-- Record excerpts follows --

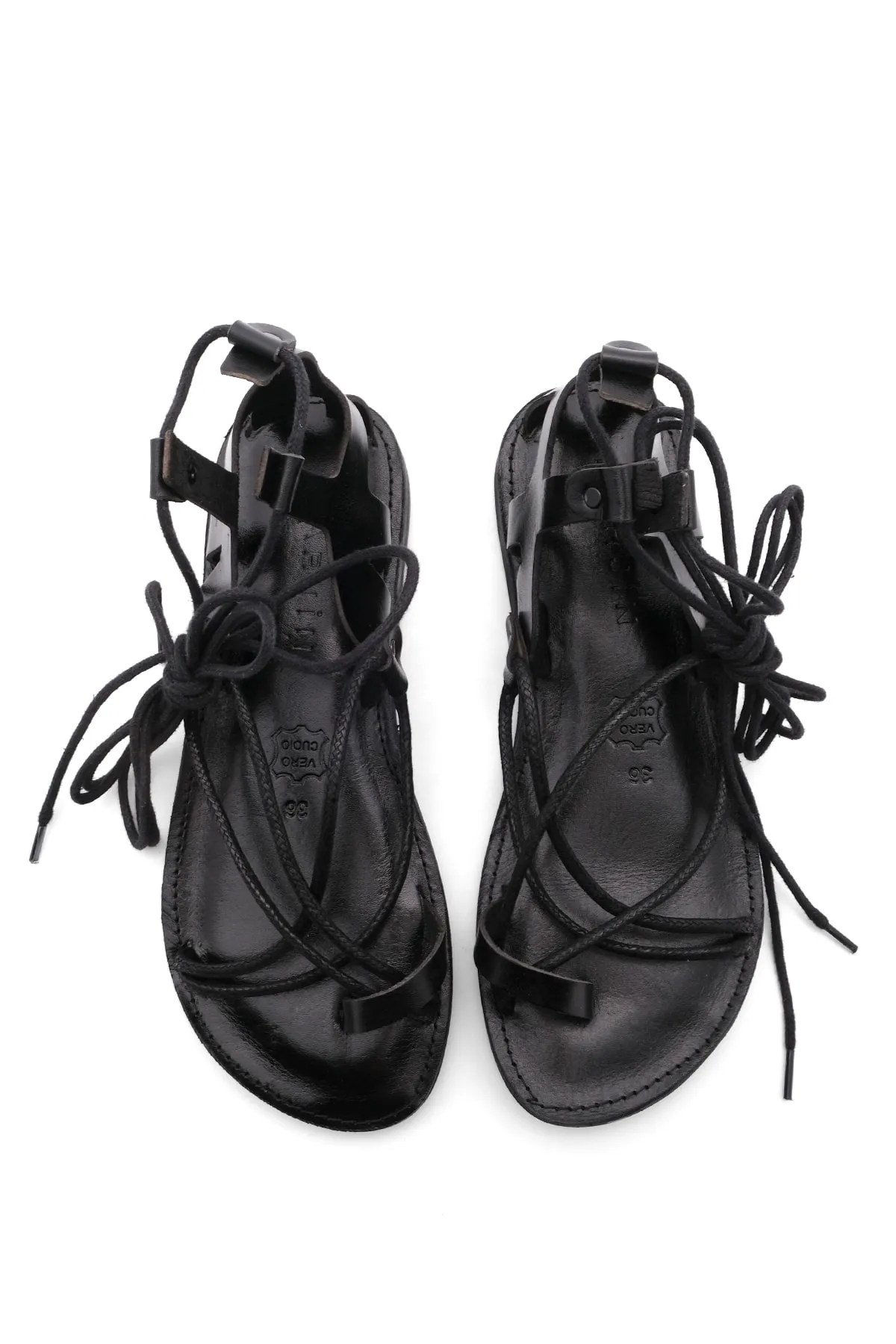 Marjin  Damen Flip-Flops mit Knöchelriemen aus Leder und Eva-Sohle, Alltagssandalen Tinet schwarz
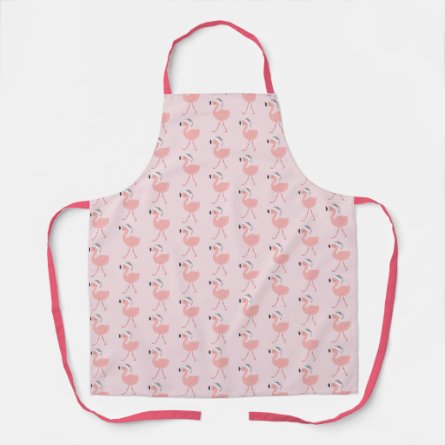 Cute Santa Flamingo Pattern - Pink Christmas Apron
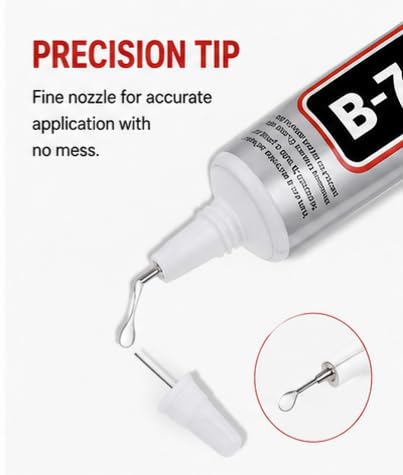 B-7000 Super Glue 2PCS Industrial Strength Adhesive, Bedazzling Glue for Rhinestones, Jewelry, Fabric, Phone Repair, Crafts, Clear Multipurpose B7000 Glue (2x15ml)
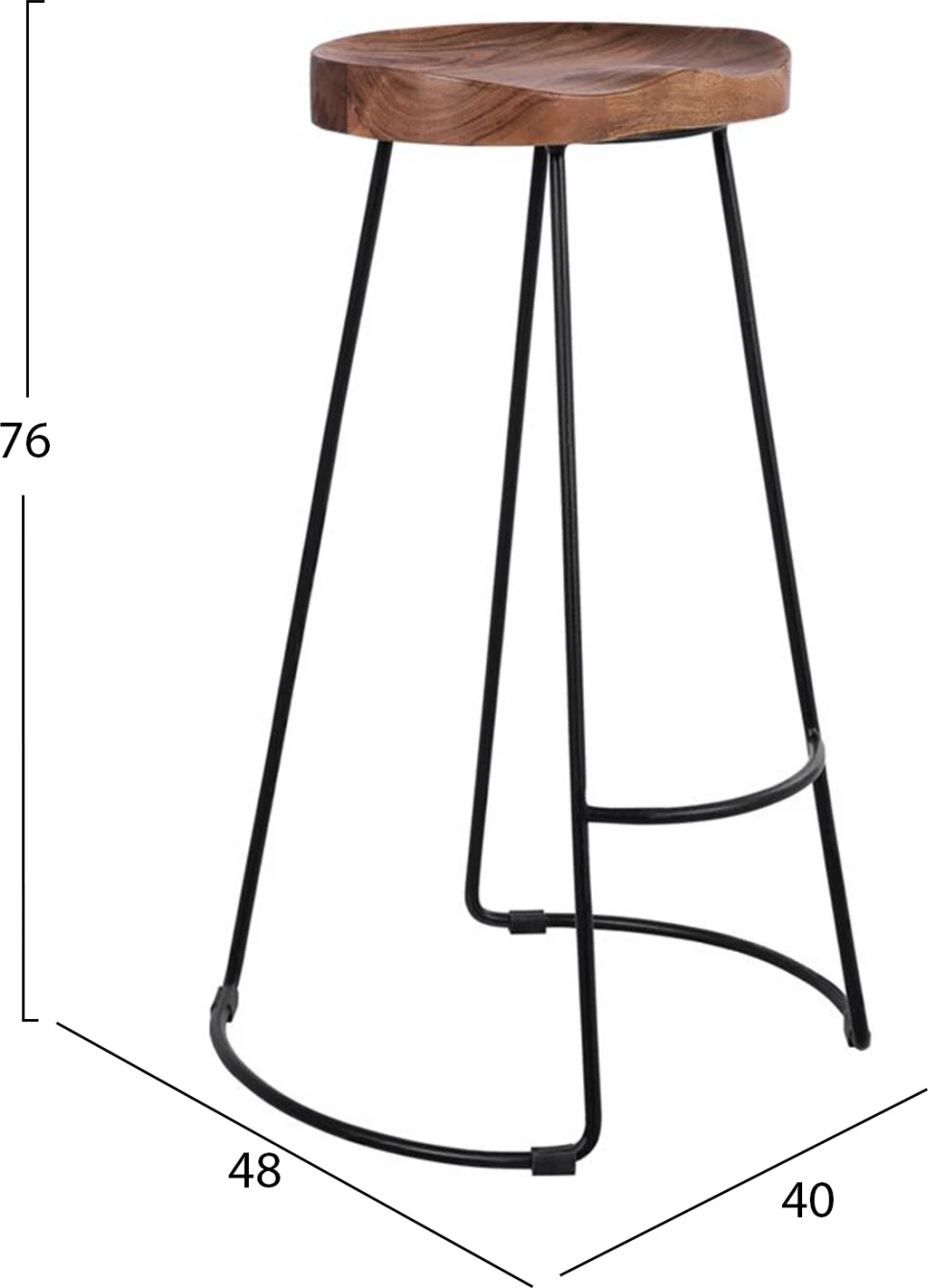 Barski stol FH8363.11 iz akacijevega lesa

-- Record excerpts concluded --
-- Record excerpts follows --

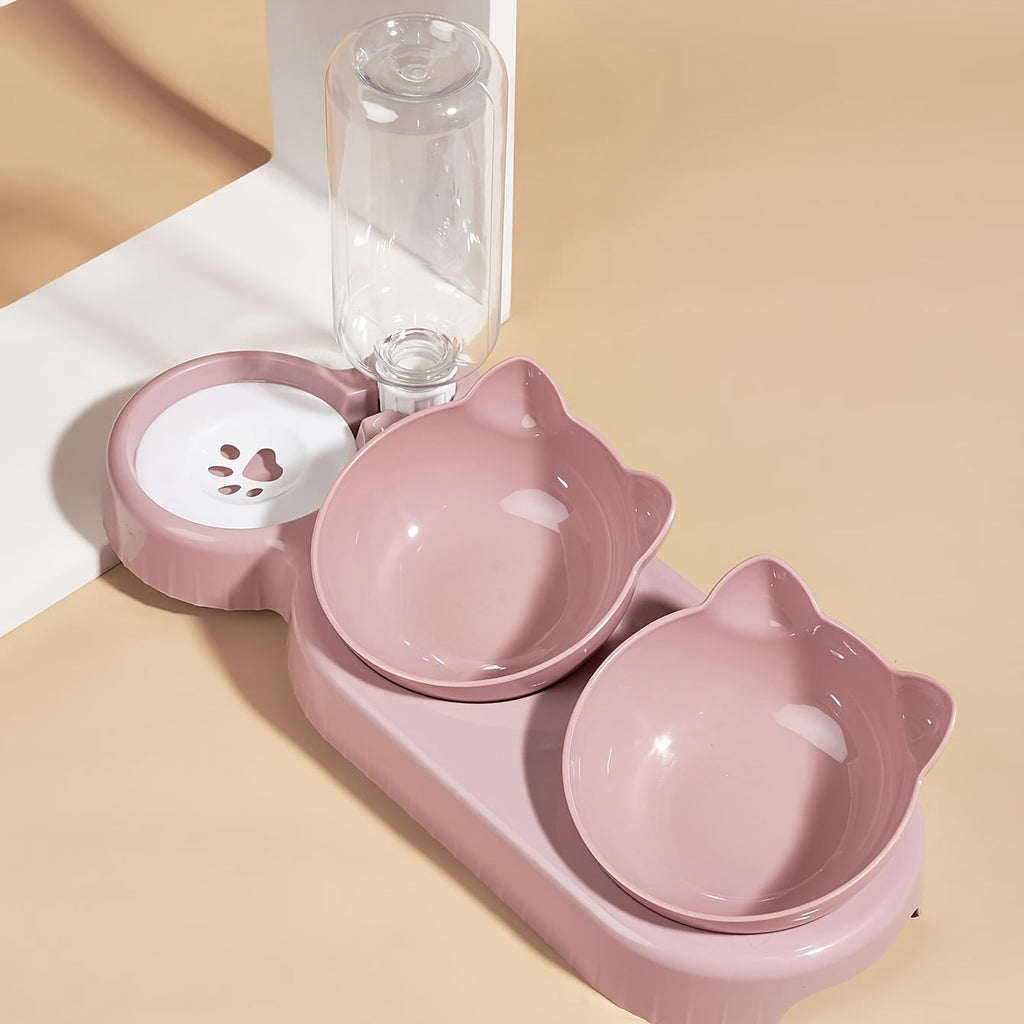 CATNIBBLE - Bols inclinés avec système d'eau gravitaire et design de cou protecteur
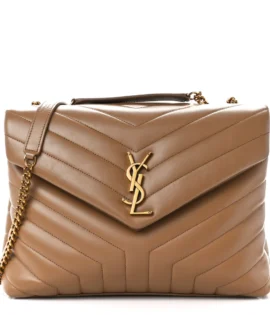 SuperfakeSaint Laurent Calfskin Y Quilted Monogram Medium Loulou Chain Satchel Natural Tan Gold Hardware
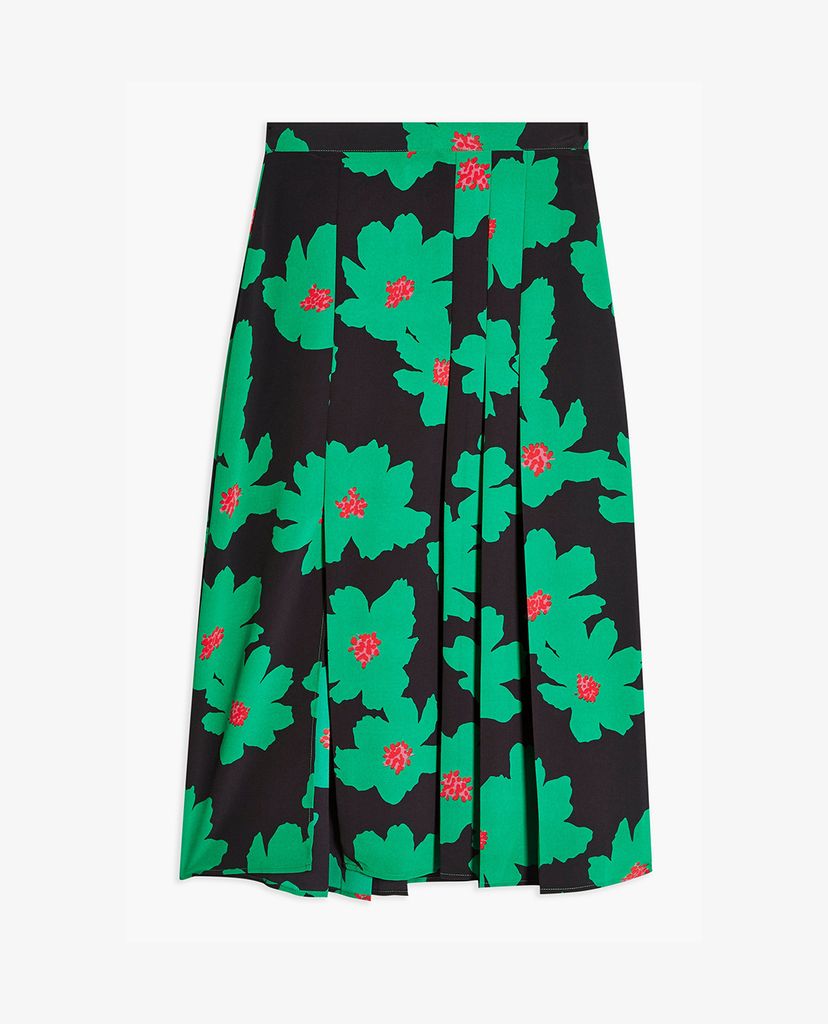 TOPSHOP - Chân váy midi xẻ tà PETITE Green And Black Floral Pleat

-- Record excerpts concluded --
-- Record excerpts follows --

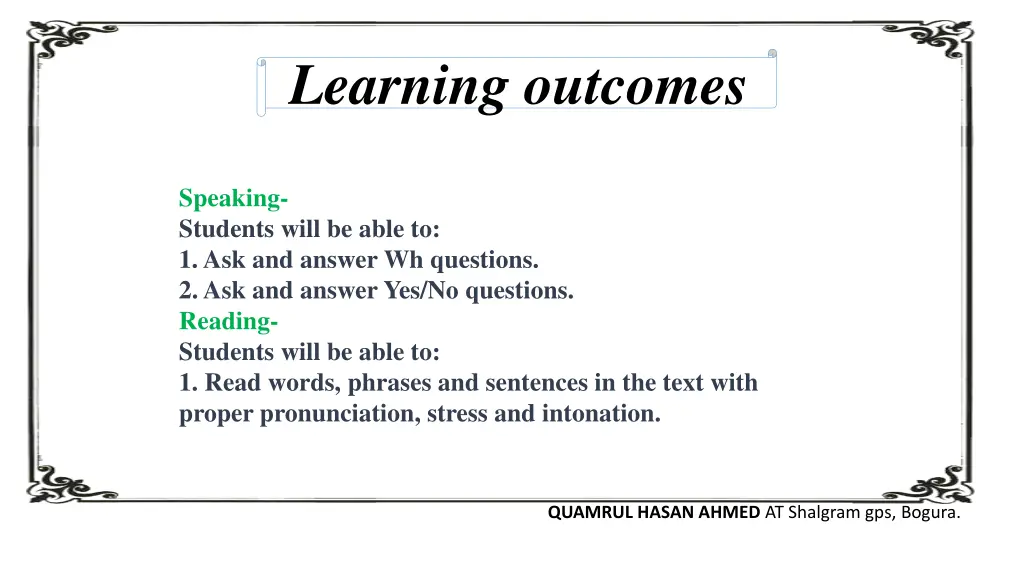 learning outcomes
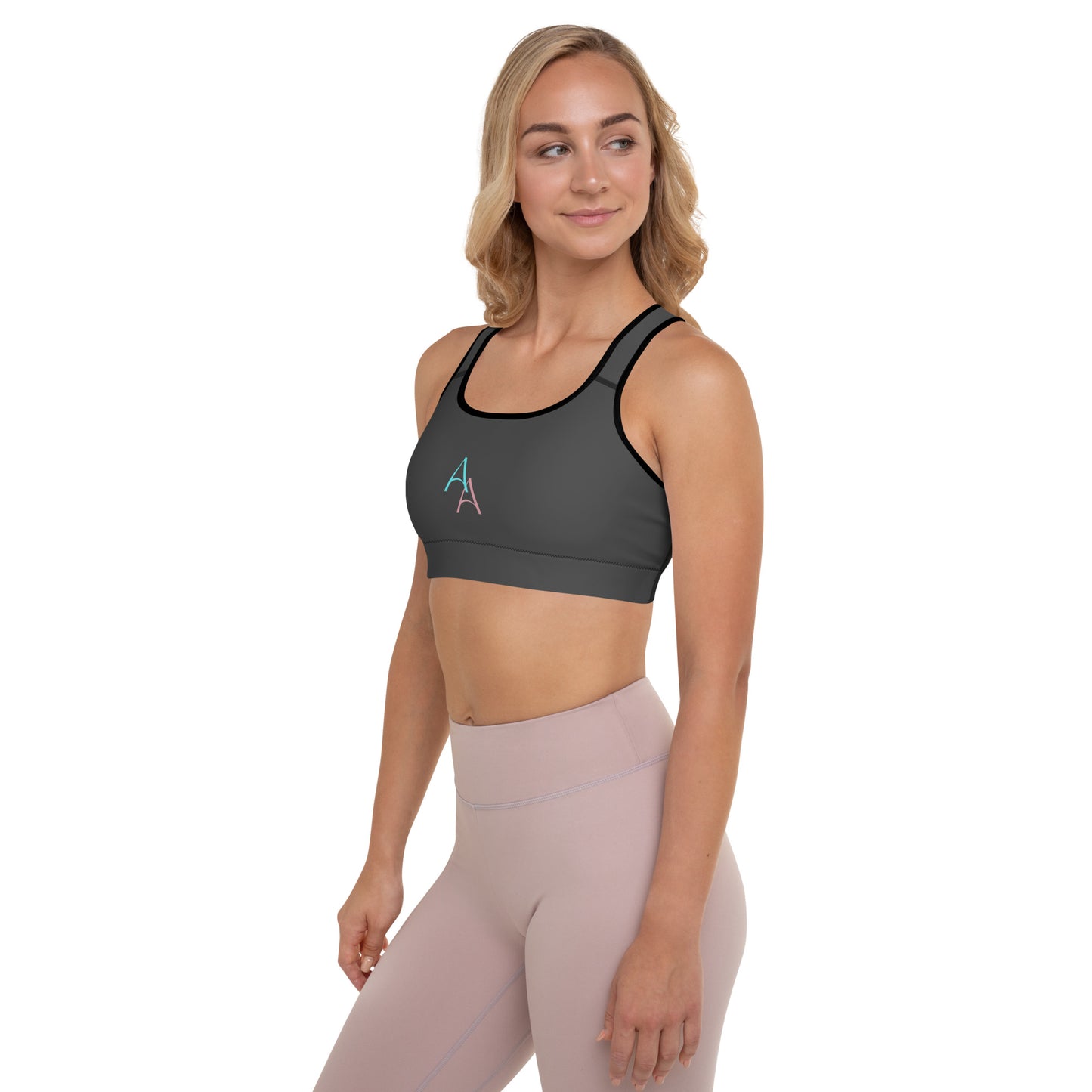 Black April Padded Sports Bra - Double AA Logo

-- Record excerpts concluded --

**Exercise details:** Output exactly the lines above that lie between the line with "learning outcomes" and the line with "Black April Padded", those two lines included, and no pictures.

**Task solution:**
 learning outcomes
 Black April Padded Sports Bra - Double AA Logo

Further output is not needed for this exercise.